Emerging growth company ☐
If an emerging growth company, indicate by check mark if the registrant has elected not to use the extended transition period for complying with any new or revised financial accounting standards provided pursuant to Section 13(a) of the Exchange Act. ☐
Item 4.01. Changes in Registrant’s Certifying Accountant.
On June 3, 2025, Reviva Pharmaceutical Holdings Inc., (the "Company") was notified that Moss Adams LLP ("Moss Adams"), the Company's independent registered public accounting firm, merged with Baker Tilly US, LLP effective on June 3, 2025. The combined audit practices will operate as Baker Tilly US, LLP (“Baker Tilly”).
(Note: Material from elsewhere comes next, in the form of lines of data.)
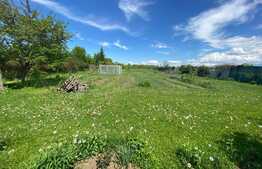 Teren pretabil contructie bloc, cartier Noua, 1975 mp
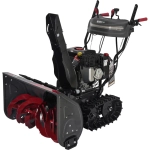 EVOline SBG 760 TBE бензиновый снегоуборщик 10 л.с. ковш 76 см, выброс 15 м, 6 вперед/2 назад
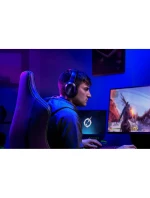 Herní drátová a bezdrátová náhlavní souprava Razer Barracuda Pro USB Type-C Bluetooth Black Herní drátová a bezdrátová náhlavní souprava Razer Barracuda Pro USB Type-C Bluetooth Black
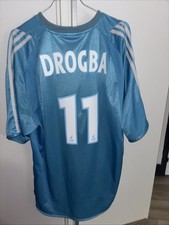 Maillot didier drogba d'occasion  Guichen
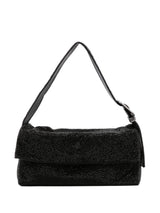 Benedetta Bruzziches buckle-detail shoulder bag - LISKAFASHION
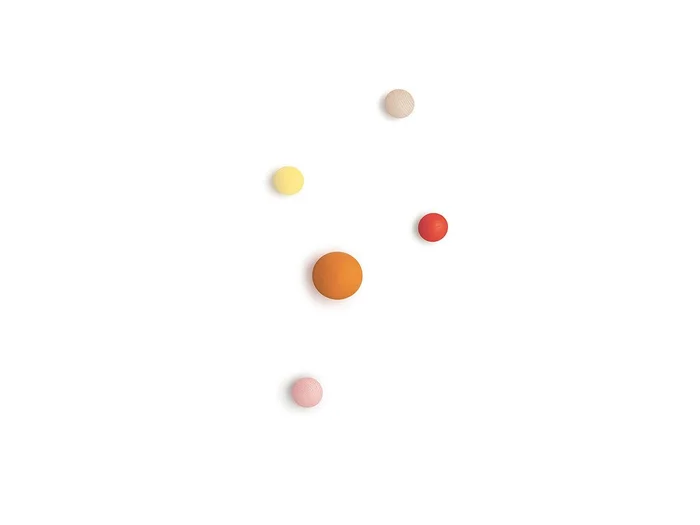 Nidi Woody Kleiderbügel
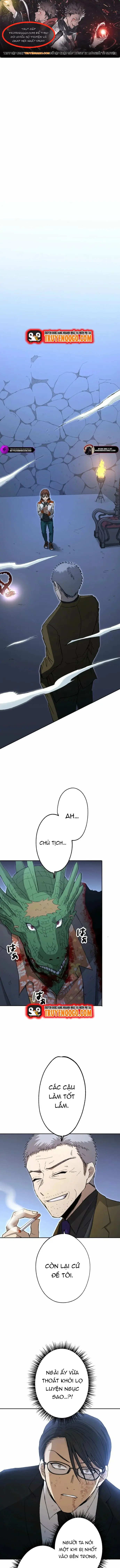 Thợ Săn Hồi Quy Giả Chapter 19 - 1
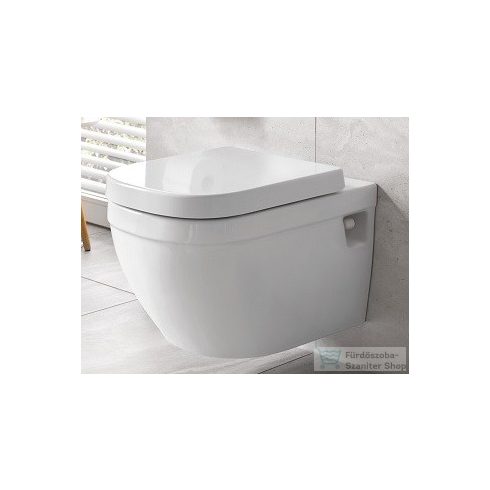 Grohe Euro Ceramic fali wc + WC tető 39703000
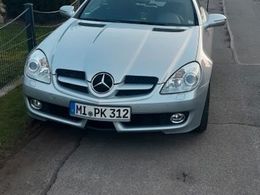 Mercedes SLK280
In connection with the notification of the merger, Moss Adams has resigned as the auditors of the Company effective June 3, 2025, and the Audit Committee of the Company’s Board of Directors appointed Baker Tilly, as the successor to Moss Adams, as the Company’s new independent registered public accounting firm, also effective June 3, 2025.
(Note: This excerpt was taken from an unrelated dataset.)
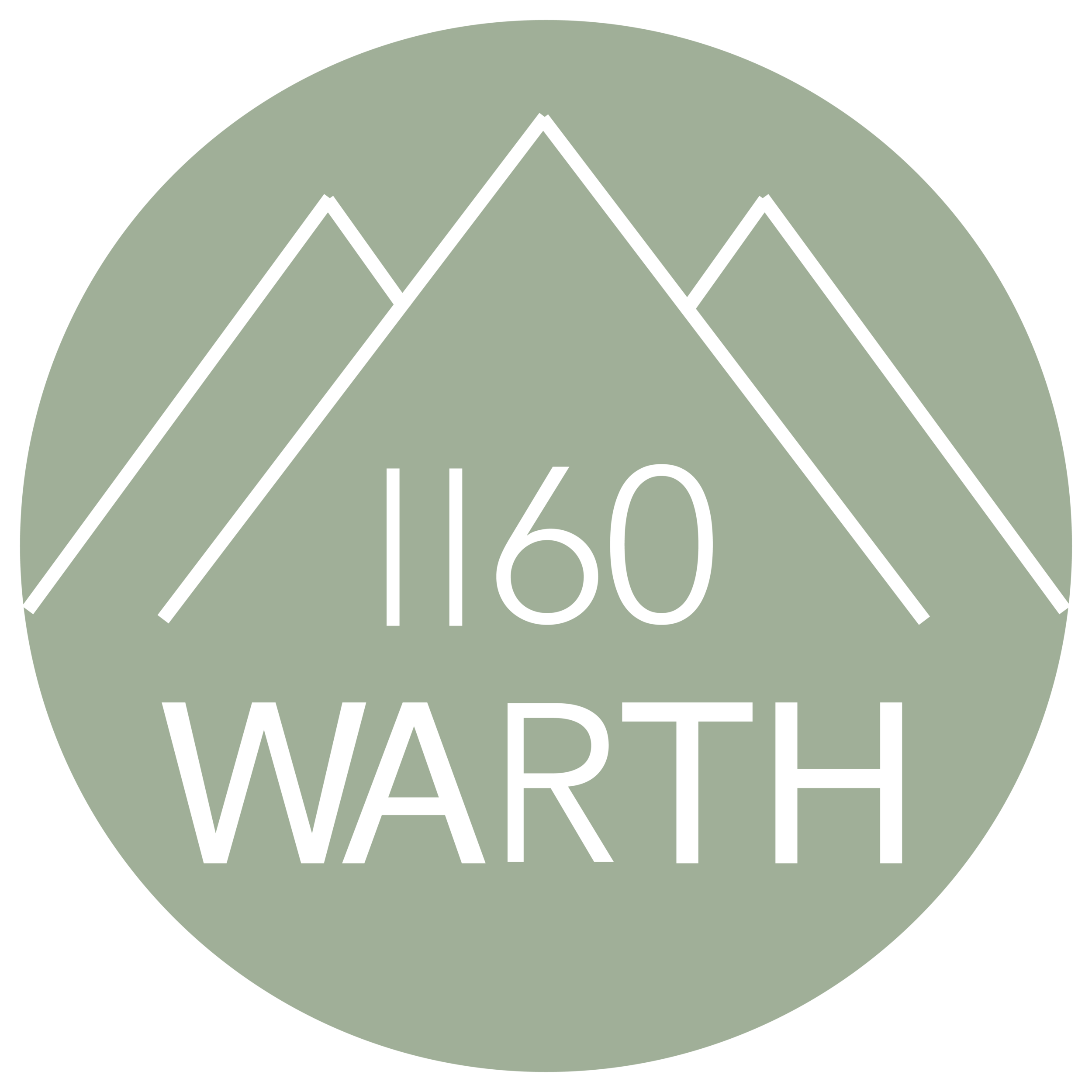 WARTH 1160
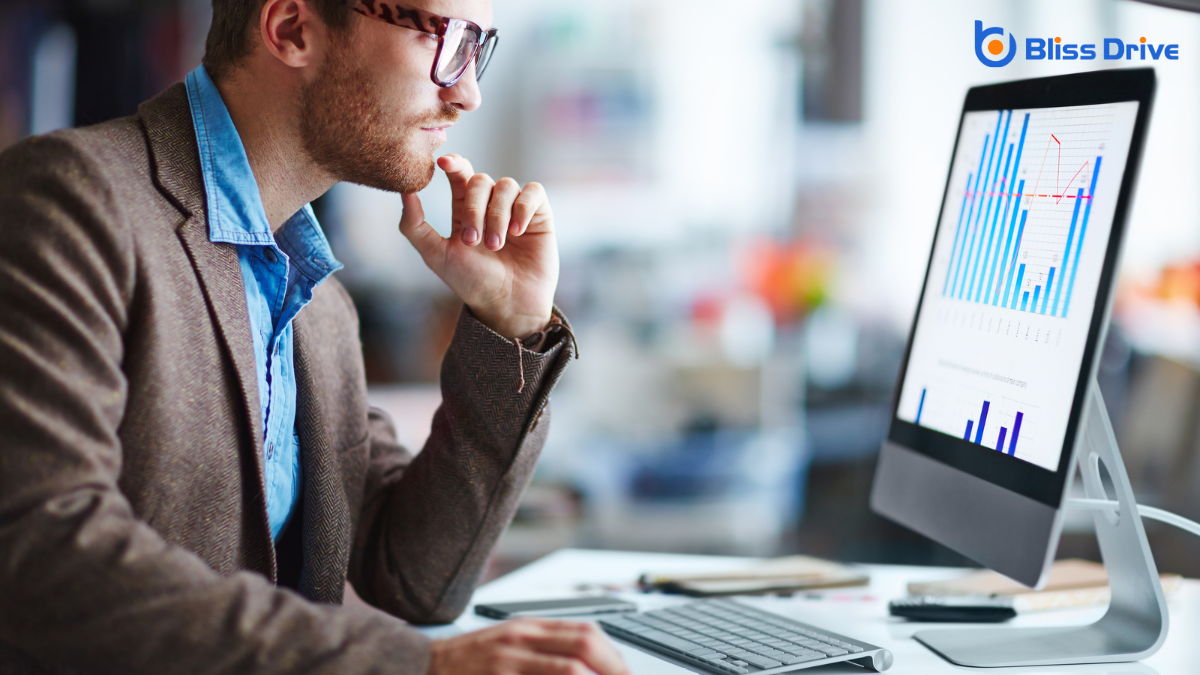 Monitoring Competitor Trends Over Time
The audit reports of Moss Adams on the Company’s consolidated financial statements as of and for the years ended December 31, 2024 and 2023 did not contain an adverse opinion or a disclaimer of opinion, nor were they qualified or modified as to uncertainty, audit scope or accounting principles. Moss Adams' audit reports on the consolidated financial statements for fiscal years 2024 and 2023 each contained an explanatory paragraph regarding a going concern uncertainty.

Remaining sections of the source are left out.